**Saved entries**
□ □ □

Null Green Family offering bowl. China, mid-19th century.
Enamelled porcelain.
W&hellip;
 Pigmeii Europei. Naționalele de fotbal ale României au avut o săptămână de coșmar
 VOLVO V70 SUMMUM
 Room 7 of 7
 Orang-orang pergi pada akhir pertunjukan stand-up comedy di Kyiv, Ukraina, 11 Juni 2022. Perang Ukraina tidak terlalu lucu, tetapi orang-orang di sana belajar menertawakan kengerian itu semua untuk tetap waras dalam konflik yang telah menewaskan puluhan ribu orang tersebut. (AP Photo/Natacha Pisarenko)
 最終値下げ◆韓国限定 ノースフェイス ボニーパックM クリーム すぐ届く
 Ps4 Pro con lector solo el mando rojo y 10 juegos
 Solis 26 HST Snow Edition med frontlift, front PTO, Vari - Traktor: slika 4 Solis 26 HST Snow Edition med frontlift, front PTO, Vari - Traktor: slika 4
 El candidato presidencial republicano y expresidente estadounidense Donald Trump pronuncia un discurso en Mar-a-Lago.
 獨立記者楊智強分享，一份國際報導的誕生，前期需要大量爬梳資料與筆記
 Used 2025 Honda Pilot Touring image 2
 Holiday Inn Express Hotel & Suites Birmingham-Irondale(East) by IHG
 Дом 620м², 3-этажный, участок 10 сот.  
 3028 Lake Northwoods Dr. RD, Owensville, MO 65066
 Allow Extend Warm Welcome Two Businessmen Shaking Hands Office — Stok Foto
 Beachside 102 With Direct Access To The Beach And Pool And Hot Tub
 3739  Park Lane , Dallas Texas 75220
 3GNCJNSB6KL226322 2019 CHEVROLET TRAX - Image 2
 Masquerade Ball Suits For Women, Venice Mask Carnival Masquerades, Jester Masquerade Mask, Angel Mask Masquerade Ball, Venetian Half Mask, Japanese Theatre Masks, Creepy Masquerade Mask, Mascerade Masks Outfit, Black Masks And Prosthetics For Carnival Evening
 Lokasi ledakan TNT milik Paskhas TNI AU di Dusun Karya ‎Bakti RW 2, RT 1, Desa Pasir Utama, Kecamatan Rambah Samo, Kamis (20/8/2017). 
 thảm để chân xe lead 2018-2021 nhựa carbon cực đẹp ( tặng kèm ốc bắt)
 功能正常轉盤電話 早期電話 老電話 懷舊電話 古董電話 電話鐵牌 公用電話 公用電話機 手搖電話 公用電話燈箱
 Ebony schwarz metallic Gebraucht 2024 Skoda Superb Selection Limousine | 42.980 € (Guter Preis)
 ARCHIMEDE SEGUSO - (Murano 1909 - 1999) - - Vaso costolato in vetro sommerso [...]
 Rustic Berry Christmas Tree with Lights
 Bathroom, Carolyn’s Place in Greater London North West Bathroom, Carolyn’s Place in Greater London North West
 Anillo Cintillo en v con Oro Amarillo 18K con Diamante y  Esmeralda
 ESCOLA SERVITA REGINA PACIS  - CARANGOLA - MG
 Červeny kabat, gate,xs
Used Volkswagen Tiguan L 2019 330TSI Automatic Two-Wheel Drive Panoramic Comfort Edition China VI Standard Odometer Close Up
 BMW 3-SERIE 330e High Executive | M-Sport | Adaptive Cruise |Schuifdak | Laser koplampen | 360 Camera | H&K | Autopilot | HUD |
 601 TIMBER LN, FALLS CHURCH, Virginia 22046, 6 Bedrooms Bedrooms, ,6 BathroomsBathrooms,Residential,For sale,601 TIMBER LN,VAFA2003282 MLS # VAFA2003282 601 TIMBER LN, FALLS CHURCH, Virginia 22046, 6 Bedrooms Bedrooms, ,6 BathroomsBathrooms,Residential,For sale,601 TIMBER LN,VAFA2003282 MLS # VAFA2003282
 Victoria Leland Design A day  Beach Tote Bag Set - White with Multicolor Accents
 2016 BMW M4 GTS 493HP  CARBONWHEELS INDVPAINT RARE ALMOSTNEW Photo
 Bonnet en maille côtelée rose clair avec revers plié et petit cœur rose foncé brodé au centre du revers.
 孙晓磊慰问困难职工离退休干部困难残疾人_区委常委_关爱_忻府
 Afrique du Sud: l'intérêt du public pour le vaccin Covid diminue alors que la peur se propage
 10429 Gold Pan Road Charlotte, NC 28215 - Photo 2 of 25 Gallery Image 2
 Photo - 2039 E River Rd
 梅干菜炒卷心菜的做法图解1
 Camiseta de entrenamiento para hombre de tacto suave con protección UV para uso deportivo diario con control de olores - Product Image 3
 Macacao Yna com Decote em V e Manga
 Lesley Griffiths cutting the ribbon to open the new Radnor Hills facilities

□ □ □

**PROBLEM DETAILS**
Take the lines from the start of the records through the line holding "Room 7 of 7", both included, and please print them exactly, with nothing else.

**ANSWER FOR THE TASK**
Null Green Family offering bowl. China, mid-19th century.
Enamelled porcelain.
W&hellip;
 Pigmeii Europei. Naționalele de fotbal ale României au avut o săptămână de coșmar
 VOLVO V70 SUMMUM
 Room 7 of 7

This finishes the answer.